PAIRWISE SEQUENCE ALIGNMENT AT ARBITRARILY LARGE EVOLUTIONARY DISTANCE

成果类型:
Article
署名作者:
Legried, Brandon; Roch, Sebastien
署名单位:
University System of Georgia; Georgia Institute of Technology; University of Wisconsin System; University of Wisconsin Madison
刊物名称:
ANNALS OF APPLIED PROBABILITY
ISSN/ISSBN:
1050-5164
DOI:
10.1214/23-AAP2009
发表日期:
2024
关键词:
sample complexity twilight zone reconstruction trees MODEL state
摘要:
Ancestral sequence reconstruction is a key task in computational biology. It consists in inferring a molecular sequence at an ancestral species of a known phylogeny, given descendant sequences at the tip of the tree.
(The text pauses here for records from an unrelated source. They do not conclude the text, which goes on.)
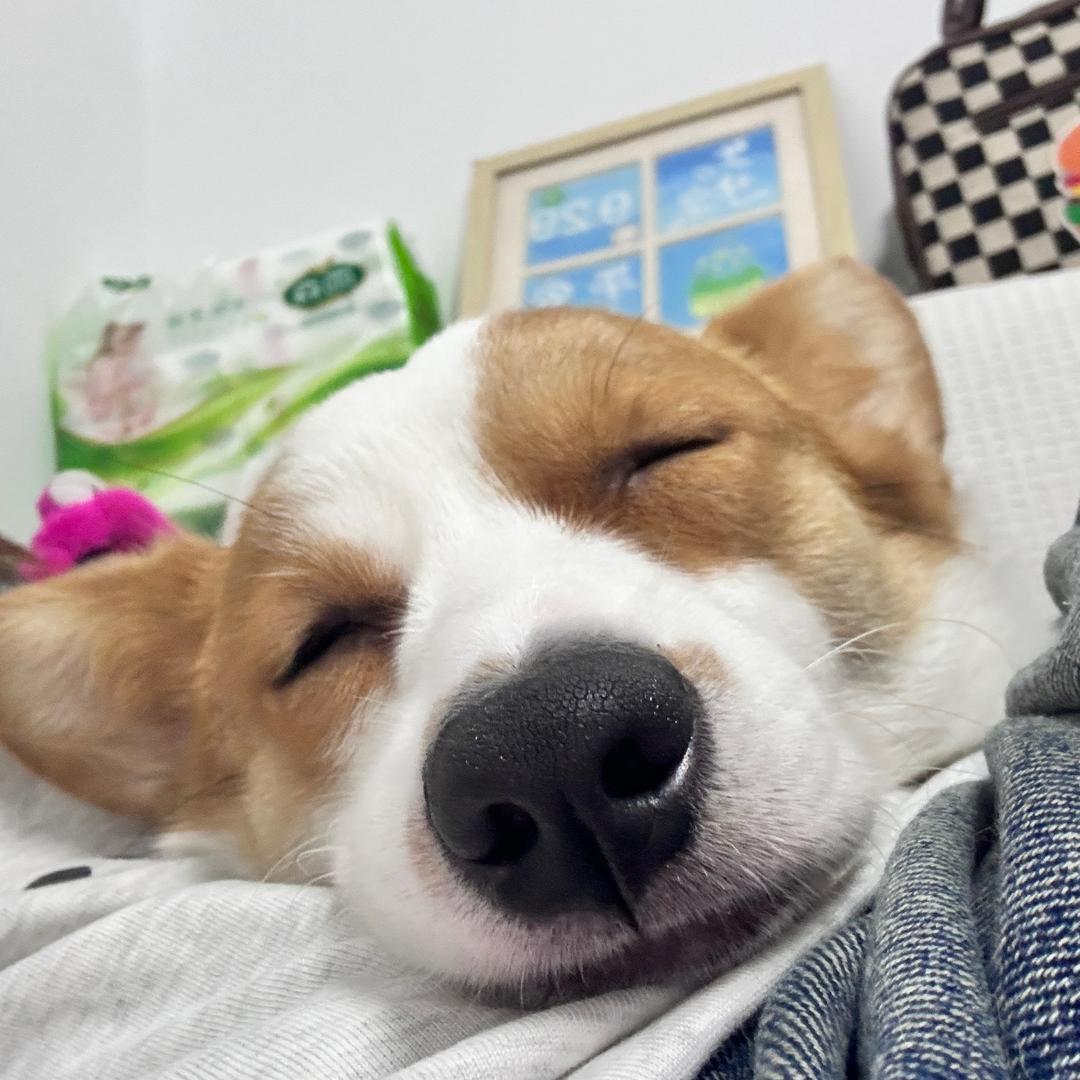 狗富贵是个女孩子啊.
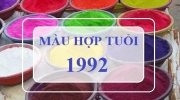 Tuổi Nhâm Thân 1992 mua xe màu gì?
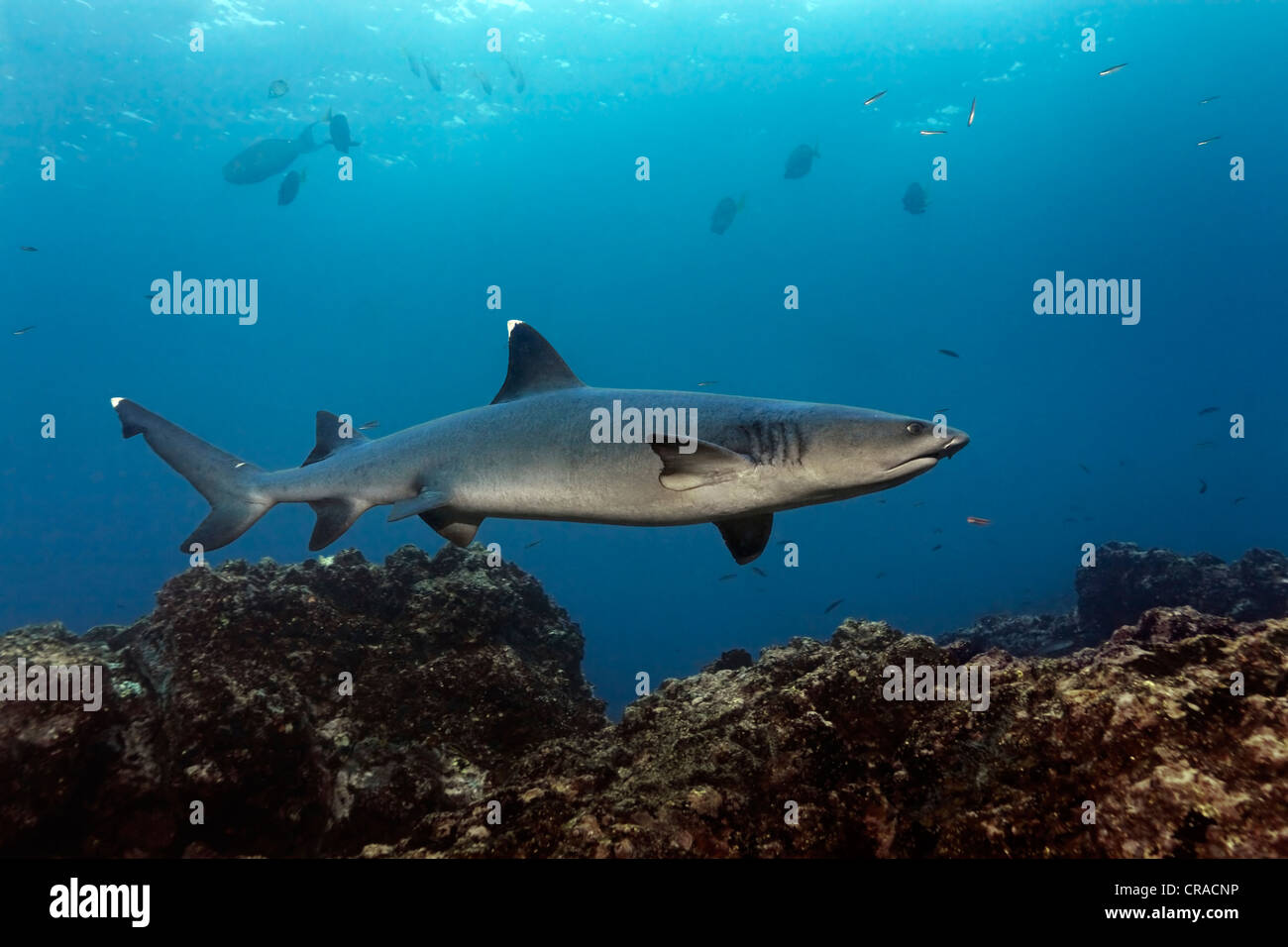 White-Tipped-Reef Shark (Triaenodon obesus) above reef, North Seymour Island, Galapagos Islands, Pacific Stock Photo
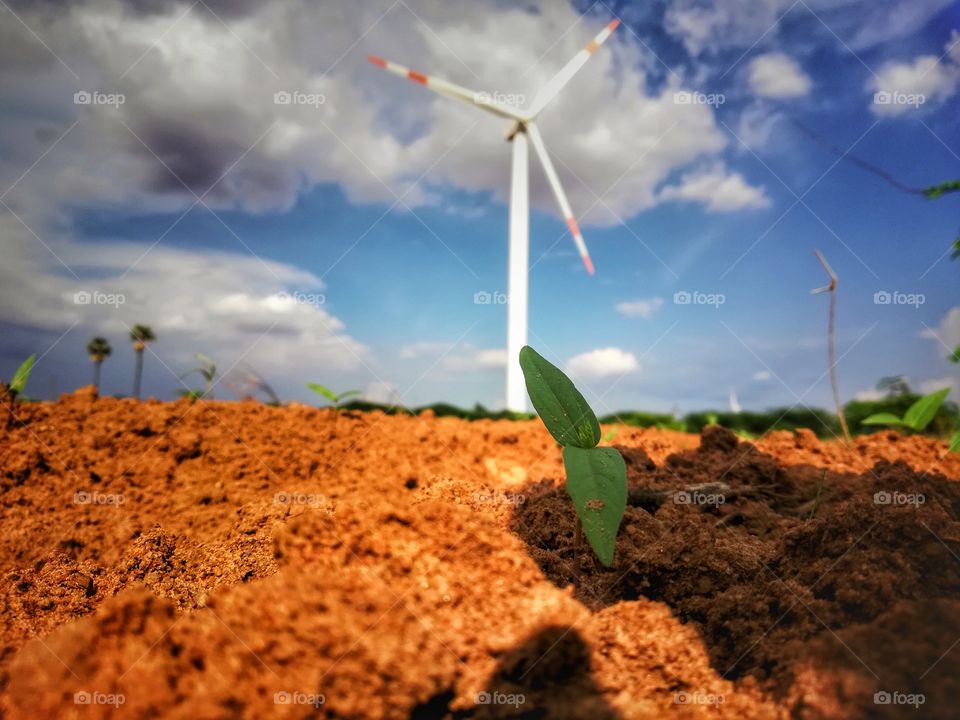 very Beautiful picture the plants are focused transference windmil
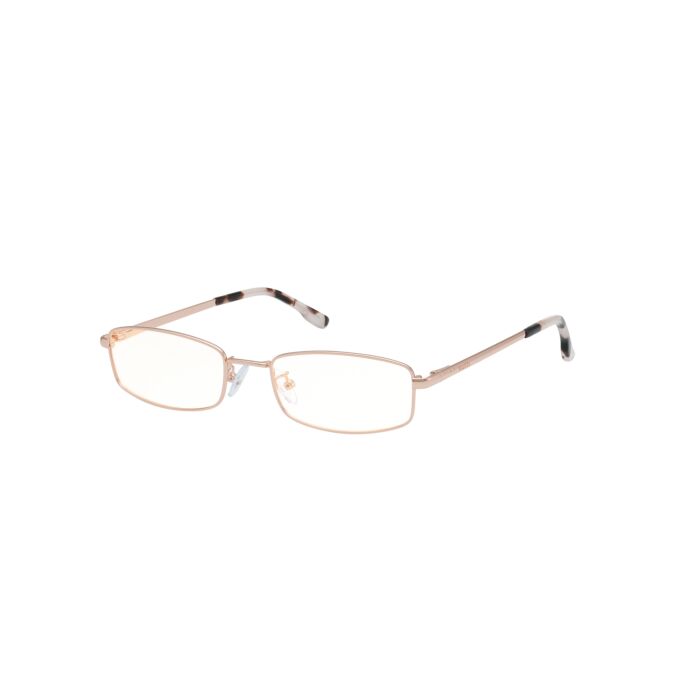 HOLLISTER METAL FRAMES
In addition to its many biological applications, it has played a key role in elucidating the statistical performance of phylogeny estimation methods. Here we establish a formal connection to another important bioinformatics problem, multiple sequence alignment, where one attempts to best align a collection of molecular sequences under some mismatch penalty score by inserting gaps. Our result is counter-intuitive: we show that perfect pairwise sequence alignment with high probability is possible in principle at arbitrary large evolutionary distances-provided the phylogeny is known and dense enough. We use techniques from ancestral sequence reconstruction in the taxon-rich setting together with the probabilistic analysis of sequence evolution models involving insertions and deletions.